# Bargin!!



## bigcatsrus (Apr 15, 2009)

Hi all,

I hear people talk about craig list all the time, checked it out in my area, nothing but on yahoo groups (Freecycle) for my area I have just managed to get 2 4ft tank and 3 2ft tanks for FREE!! Going to collect them tomorrow.

One 4ft tank has 3 dividers in and the other one has just a divider in.

Couldn't believe it when I saw it, just had to reply to the person.

Hopefully they are all good, the person did say that they were professionally built.

Has anyone else had something like this before??


----------



## natalie559 (Dec 6, 2007)

That's great!! Congrats!!


----------



## bigcatsrus (Apr 15, 2009)

Thanks, still yet to get the measurements of them all. How can you refuse them. 5 tanks for free.


----------



## bigcatsrus (Apr 15, 2009)

Just got the tanks, there actually 8 and pumps, heaters, light unit, filters and under gravel filters. Found out that this was in a fish shop and its all done professionally.

There were 3 4' and 3 2'. One of the 4' have been sectioned into 3 and the other 2 into half but one had a major crack in. So in theroy there were 10 tanks.

Here are some pics. Sorry not so clear.










My cat wanted to check out everything









Excuse the dog









Its just now on what fish to put in there once its all cleaned and cycled.


----------



## natalie559 (Dec 6, 2007)

I cannot believe that you got all that FREE  !

Happy dance time!! :dancing: :dancing: :dancing:


----------



## bigcatsrus (Apr 15, 2009)

More than a happy dance me thinks.

I'm just so pleased that we got this. The person I got all this from said that she had a fair few people that wanted these and were rude, my partner and I got them (nice people).

I haven't heard or seen anyone get as much as this. Oh I'm just so happy!!!    

Now the collection of tanks is 9 (can't use the cracked one). 2 that already have fish in and 7 to decide. Any ides??


----------



## xalow (May 10, 2007)

That is incredible! You could put one neon tetra in each tank and pretend that they are all hardened criminals that need to be separate from one another. On the other hand you could just do something that is a good idea. Maybe dedicate a tank to breeding one of the many endangered species?


----------



## Dizzcat (Aug 26, 2008)

*bigcatsrus* Thanks for the tip! I just found FreeCycle in my city and posted a wanted. I need a stand for my 55 gallon tank. Fingers crossed someone has one collecting dust! :thumb:


----------



## bigcatsrus (Apr 15, 2009)

This is what I like to hear. Freecycle is a good way of getting things that you need, without paying a penny.

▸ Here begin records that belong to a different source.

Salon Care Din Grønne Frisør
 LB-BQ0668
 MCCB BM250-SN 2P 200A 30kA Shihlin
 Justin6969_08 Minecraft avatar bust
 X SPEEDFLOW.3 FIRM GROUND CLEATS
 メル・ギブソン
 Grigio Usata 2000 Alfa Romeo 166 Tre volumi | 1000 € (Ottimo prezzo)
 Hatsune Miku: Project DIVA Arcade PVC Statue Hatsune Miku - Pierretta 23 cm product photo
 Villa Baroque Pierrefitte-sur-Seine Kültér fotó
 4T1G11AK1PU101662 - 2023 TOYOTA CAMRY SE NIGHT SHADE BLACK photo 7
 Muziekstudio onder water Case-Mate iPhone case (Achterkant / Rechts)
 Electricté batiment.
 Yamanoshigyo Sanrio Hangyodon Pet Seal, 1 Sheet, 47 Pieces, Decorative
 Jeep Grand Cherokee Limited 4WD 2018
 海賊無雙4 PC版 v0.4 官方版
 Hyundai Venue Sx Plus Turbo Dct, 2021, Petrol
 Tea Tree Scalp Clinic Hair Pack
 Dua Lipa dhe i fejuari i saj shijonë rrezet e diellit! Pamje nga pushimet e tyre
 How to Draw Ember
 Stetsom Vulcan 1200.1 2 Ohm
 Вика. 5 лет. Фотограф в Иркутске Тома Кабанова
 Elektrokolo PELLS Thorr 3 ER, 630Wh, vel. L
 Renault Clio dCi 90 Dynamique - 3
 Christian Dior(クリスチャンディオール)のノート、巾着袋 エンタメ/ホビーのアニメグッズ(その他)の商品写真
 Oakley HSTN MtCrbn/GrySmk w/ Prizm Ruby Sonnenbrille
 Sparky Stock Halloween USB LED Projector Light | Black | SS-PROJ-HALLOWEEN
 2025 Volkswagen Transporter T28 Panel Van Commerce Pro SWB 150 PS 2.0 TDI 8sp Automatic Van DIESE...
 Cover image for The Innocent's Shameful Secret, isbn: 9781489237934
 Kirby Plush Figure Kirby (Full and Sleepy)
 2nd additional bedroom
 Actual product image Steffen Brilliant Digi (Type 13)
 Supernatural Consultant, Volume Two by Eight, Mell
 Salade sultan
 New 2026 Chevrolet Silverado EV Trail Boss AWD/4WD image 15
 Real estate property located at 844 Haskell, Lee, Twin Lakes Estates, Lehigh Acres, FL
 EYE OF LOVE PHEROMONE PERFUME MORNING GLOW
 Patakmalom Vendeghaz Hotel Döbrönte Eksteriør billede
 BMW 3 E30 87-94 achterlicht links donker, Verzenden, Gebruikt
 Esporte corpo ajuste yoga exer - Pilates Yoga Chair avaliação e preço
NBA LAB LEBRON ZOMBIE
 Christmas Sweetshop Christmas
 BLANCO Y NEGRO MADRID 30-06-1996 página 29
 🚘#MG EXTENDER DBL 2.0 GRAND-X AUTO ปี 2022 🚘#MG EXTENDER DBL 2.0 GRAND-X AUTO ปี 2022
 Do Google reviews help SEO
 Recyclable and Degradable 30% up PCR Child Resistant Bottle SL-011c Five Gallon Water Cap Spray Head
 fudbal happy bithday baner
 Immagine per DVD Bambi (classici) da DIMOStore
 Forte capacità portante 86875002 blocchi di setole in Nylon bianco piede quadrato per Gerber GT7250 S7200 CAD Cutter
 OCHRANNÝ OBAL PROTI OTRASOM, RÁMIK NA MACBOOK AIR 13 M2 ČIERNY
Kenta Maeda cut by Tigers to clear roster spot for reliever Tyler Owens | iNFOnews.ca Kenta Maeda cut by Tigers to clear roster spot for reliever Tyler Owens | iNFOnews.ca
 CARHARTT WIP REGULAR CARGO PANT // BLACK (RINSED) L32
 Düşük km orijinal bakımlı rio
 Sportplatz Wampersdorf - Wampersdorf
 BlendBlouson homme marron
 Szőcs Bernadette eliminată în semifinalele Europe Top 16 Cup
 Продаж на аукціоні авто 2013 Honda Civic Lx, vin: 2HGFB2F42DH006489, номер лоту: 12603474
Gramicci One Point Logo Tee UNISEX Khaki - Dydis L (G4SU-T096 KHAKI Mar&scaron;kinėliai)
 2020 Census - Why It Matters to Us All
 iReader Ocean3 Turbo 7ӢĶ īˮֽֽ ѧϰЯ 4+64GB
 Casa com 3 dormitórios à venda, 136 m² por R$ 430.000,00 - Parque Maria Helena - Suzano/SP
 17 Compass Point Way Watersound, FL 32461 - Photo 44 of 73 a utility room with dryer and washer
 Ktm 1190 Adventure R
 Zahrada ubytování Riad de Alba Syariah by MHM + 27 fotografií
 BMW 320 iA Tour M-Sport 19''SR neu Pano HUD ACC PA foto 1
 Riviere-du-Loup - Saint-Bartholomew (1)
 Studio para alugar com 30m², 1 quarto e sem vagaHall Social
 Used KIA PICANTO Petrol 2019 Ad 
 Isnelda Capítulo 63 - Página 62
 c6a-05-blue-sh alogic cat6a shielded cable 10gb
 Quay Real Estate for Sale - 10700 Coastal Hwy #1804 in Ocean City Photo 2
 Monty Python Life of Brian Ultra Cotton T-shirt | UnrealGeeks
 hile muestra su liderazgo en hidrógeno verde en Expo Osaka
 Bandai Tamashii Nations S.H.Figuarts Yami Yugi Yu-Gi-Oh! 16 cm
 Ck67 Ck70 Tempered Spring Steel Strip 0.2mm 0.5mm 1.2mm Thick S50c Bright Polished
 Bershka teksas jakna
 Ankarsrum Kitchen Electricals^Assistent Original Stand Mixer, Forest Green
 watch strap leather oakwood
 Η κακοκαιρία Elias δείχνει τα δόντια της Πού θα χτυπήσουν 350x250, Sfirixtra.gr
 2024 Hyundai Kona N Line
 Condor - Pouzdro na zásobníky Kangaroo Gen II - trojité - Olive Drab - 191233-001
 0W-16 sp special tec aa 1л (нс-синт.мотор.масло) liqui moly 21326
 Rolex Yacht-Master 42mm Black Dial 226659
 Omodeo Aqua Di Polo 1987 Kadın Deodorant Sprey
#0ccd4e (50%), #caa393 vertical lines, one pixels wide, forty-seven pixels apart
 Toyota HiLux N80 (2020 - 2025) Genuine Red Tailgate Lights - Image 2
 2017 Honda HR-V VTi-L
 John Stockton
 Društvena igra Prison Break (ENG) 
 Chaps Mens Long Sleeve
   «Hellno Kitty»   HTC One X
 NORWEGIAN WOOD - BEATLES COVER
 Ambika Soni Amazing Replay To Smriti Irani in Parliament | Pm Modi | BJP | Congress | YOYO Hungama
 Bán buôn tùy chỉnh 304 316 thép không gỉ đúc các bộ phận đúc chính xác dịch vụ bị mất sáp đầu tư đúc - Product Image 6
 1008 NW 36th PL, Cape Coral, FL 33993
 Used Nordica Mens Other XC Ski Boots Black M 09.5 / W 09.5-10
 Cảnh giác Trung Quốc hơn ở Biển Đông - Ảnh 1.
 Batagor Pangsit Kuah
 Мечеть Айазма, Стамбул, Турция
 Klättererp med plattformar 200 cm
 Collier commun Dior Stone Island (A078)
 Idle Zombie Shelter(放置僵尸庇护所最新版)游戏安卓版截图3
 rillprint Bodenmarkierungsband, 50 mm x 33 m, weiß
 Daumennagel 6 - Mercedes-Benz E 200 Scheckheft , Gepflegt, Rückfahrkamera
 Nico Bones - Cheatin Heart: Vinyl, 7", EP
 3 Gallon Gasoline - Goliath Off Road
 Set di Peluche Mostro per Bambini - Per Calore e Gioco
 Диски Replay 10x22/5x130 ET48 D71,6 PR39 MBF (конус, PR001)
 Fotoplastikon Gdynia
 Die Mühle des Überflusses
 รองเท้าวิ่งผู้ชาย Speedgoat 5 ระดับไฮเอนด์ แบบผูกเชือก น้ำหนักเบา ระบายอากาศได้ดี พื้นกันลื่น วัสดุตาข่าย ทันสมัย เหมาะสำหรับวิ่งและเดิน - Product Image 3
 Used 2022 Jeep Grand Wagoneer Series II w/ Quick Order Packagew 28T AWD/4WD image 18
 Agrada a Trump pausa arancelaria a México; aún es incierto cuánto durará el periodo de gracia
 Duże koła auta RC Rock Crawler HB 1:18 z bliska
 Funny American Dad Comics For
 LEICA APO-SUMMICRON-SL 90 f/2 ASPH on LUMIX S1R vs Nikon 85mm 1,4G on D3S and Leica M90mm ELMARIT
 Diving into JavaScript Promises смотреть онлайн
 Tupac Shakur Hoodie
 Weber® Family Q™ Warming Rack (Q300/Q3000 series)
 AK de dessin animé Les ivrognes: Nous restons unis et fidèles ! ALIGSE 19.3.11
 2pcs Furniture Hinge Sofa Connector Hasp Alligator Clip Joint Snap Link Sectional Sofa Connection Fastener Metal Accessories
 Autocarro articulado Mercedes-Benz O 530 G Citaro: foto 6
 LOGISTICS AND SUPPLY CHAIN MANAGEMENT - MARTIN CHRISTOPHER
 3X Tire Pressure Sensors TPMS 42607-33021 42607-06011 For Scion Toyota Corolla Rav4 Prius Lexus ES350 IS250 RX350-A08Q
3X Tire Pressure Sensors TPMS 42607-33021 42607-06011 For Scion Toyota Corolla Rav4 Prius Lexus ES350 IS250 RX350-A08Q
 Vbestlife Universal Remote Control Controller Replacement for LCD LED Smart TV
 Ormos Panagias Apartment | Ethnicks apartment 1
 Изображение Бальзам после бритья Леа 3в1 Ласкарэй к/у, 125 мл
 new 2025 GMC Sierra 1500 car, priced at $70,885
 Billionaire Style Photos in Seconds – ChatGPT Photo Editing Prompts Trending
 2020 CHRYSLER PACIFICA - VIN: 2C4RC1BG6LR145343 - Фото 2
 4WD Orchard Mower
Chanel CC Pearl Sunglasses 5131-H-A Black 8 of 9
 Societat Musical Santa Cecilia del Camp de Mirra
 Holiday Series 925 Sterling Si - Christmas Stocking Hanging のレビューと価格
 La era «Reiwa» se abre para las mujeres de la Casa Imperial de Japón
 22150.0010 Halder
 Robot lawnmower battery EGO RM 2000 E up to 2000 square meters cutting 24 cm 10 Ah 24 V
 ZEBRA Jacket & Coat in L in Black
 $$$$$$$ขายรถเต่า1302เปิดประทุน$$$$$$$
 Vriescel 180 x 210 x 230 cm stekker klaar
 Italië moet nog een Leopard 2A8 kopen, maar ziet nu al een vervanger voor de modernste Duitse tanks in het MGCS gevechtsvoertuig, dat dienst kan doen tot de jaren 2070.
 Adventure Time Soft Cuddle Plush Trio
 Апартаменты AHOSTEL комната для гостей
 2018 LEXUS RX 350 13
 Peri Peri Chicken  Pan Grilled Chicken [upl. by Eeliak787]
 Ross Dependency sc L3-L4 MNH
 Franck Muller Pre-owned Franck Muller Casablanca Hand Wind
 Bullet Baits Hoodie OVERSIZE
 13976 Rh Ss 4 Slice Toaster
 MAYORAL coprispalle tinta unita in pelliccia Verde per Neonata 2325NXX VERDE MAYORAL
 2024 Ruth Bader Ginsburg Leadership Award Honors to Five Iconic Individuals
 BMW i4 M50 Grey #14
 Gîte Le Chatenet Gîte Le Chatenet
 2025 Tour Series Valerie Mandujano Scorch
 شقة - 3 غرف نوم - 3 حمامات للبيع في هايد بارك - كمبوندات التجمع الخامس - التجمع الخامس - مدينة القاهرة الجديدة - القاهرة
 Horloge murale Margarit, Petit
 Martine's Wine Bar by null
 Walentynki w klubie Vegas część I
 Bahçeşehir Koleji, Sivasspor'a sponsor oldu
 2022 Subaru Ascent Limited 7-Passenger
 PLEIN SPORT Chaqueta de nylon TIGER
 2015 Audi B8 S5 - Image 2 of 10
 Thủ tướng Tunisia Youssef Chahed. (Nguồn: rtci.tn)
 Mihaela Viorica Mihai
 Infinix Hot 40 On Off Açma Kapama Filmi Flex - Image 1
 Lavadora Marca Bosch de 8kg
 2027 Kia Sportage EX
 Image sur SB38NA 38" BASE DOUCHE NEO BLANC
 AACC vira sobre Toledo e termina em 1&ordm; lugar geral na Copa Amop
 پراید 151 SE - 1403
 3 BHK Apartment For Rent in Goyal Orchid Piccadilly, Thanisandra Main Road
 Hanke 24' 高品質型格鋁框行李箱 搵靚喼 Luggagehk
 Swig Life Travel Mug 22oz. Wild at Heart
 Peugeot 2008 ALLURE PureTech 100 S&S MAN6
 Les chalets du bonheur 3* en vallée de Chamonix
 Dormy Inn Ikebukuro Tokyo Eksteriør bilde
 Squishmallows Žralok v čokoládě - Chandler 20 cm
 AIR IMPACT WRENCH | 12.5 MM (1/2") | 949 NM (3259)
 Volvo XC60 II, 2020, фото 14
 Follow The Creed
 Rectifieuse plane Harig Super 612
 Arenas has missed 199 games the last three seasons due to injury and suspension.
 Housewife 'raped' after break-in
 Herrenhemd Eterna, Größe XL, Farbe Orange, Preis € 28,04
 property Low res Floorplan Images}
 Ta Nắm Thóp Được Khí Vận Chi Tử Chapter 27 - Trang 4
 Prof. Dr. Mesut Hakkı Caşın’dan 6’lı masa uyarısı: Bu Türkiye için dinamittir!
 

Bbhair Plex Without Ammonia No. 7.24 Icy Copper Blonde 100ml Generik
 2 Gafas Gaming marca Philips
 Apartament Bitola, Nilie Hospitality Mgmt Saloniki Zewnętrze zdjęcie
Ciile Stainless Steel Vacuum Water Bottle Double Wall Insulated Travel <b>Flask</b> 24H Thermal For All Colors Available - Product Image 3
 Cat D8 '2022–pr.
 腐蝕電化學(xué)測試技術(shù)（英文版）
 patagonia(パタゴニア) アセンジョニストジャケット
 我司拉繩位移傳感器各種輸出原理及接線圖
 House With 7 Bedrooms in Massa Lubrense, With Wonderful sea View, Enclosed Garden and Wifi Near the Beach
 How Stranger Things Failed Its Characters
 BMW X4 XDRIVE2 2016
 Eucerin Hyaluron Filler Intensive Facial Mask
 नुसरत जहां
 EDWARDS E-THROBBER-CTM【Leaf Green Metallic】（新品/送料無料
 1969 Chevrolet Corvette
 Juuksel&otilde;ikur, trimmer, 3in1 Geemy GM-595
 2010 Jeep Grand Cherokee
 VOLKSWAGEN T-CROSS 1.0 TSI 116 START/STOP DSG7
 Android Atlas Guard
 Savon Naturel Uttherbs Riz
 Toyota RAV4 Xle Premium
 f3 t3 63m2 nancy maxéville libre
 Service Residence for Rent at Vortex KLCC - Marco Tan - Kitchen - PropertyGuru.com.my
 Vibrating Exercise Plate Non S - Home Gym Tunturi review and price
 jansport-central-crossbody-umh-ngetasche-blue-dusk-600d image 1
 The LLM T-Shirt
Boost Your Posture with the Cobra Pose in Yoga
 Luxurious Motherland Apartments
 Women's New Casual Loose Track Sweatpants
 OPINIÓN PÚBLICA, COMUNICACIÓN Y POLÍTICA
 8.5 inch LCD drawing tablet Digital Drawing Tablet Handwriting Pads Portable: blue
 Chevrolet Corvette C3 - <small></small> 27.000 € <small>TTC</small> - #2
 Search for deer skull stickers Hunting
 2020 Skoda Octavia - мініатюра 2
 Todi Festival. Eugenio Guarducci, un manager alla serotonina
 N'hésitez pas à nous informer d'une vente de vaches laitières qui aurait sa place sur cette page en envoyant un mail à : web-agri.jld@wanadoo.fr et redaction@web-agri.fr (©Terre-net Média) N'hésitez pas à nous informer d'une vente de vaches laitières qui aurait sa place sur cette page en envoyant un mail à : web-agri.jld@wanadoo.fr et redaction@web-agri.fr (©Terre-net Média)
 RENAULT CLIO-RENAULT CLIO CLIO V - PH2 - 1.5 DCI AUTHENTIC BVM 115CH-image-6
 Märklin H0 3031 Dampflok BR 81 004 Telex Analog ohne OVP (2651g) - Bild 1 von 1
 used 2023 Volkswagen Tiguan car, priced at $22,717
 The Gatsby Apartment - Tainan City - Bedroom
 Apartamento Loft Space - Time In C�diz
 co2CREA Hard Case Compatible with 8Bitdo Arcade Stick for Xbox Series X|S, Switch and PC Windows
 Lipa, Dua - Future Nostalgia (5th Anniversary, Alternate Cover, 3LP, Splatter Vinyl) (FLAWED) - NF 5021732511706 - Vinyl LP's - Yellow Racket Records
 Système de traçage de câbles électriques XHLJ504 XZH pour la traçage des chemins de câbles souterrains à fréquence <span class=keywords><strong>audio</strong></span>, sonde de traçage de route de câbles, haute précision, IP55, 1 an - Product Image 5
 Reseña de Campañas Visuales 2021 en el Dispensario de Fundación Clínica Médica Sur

You can get alsorts on there, hence these tanks. Must add in my area things go quickly and you must keep checking as often as possible. I don't know what its like in your area Dizzcat?

Good luck with finding a stand, something will come up.


----------



## Dizzcat (Aug 26, 2008)

Fingers crossed that someone has one just sitting around and willing to part with it. Right now my tank is sitting on the floor. Its nice that way when I want to spend an hour watching fish cuz I can just lay in front of the tank, but it doesn't make it stand out the way it should. :fish: :fish:


----------



## bigcatsrus (Apr 15, 2009)

Have you tried building your own stand?

The stand that is in my tank section was built by my partner in and hour and then painted. That was made 3 years ago and still going. Holds all my eqiupment and food for my guys. Just a thouhgt but as its free from freecycle, why not.


----------



## jfly (Feb 17, 2009)

partner?? what kind of business are you in?


----------



## bigcatsrus (Apr 15, 2009)

bf = partner :lol: and he is mortgages.


----------



## jfly (Feb 17, 2009)

oops .... :lol:


----------



## bigcatsrus (Apr 15, 2009)

Thats ok, easy mistake :lol:


----------



## Dizzcat (Aug 26, 2008)

Me? Make a stand? :lol:

I don't even own a saw! I do have a friend who loves to make things like that and if I cannot find one free or very cheap he will make me one. I have found an iron one on Craigslist, but unsure how strong they are. I would prefer a wooden one. I want to get a canister filter, but have no place to put one and a wooden one would hide one underneath.

What do you all think? Look good? The price is right. 
http://cosprings.craigslist.org/for/1146415048.html


----------



## bigcatsrus (Apr 15, 2009)

It was worth asking 

The price looks reasonable, IMO I haven't used iron stands, always used wood (only ever had one tank). Looks good to me but thats me 

I would just keep my eye on freecycle, you never know one may pop up. My area it's not often that a stand will come up let alone tanks, its always worth looking.


----------